This project, developed as a final project for UPenn CIS6200 Advanced Topics in Deep Learning, explores the use of large language models (LLMs) for generating reviews of machine learning papers. It is inspired by "Can large language models provide useful feedback on research papers? A large-scale empirical analysis", utilizing similar techniques. The project consists of two primary components: the review generation pipeline and the evaluation pipeline. The review generation pipeline uses both a fine-tuned model and GPT-3.5-turbo and GPT-4-turbo as baselines, while the evaluation pipeline compares these generated reviews with human ones to assess quality. For a full project description, see our project report.
This pipeline includes two methods for generating reviews: fine-tuning and using pre-trained GPT models. The fine-tuning method leverages a specifically fine-tuned model, whereas the GPT method utilizes GPT-3.5-turbo and GPT-4-turbo. Text extraction from PDF files is managed via scipdf_parser.

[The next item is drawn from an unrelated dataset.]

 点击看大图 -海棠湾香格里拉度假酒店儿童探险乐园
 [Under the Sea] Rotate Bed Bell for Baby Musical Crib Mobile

We used GPT-3.5-turbo and GPT-4-turbo as baseline models to generate machine learning paper reviews. Our experiments also explored one-shot learning techniques with these models.
We fine-tuned the Mistral-7B-Instruct-v0.2 model on a custom dataset of papers and their reviews from OpenReview. We used GPT-4 to generate summary reviews during the fine-tuning process. Due to computational constraints, the focus was primarily on paper abstracts. The dataset is available in the data
directory and on the Huggingface dataset hub here. The fine-tuned model can be accessed on the Huggingface model hub here.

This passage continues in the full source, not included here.